AIM OF THE TASK. In the records below, begin at the line containing "330 WEXFORD RD, Red Hill, PA 18076" and end at the line containing "Роза Хутор. Учебная"; quote every line in that span exactly, including both boundary lines, and no others.

INFORMATION GIVEN.
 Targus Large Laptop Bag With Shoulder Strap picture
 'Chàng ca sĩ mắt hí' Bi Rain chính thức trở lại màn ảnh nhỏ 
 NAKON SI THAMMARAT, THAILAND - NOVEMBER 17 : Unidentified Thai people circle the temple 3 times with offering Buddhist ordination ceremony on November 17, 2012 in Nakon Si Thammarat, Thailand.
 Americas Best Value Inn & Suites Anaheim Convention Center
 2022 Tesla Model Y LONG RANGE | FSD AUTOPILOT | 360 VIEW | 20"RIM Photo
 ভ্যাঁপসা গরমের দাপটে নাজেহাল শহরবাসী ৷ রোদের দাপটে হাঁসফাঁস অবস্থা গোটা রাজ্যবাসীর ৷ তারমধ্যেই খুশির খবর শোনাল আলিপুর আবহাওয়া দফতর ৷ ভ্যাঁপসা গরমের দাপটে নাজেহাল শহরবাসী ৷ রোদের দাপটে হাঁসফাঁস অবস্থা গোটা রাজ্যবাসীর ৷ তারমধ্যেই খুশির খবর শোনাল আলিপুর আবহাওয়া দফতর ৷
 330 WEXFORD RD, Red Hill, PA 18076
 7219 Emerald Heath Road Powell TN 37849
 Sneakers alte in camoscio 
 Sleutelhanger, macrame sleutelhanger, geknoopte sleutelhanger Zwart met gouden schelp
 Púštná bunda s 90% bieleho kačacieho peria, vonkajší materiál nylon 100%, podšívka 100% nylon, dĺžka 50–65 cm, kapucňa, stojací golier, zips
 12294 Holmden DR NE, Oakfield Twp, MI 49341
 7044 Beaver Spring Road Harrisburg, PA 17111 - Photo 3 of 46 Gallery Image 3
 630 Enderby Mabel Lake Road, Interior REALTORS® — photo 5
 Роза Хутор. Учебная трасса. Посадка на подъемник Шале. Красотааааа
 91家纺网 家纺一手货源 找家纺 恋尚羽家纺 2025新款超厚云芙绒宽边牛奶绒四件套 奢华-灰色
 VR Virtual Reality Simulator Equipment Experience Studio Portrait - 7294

WRITTEN SOLUTION.
 330 WEXFORD RD, Red Hill, PA 18076
 7219 Emerald Heath Road Powell TN 37849
 Sneakers alte in camoscio 
 Sleutelhanger, macrame sleutelhanger, geknoopte sleutelhanger Zwart met gouden schelp
 Púštná bunda s 90% bieleho kačacieho peria, vonkajší materiál nylon 100%, podšívka 100% nylon, dĺžka 50–65 cm, kapucňa, stojací golier, zips
 12294 Holmden DR NE, Oakfield Twp, MI 49341
 7044 Beaver Spring Road Harrisburg, PA 17111 - Photo 3 of 46 Gallery Image 3
 630 Enderby Mabel Lake Road, Interior REALTORS® — photo 5
 Роза Хутор. Учебная трасса. Посадка на подъемник Шале. Красотааааа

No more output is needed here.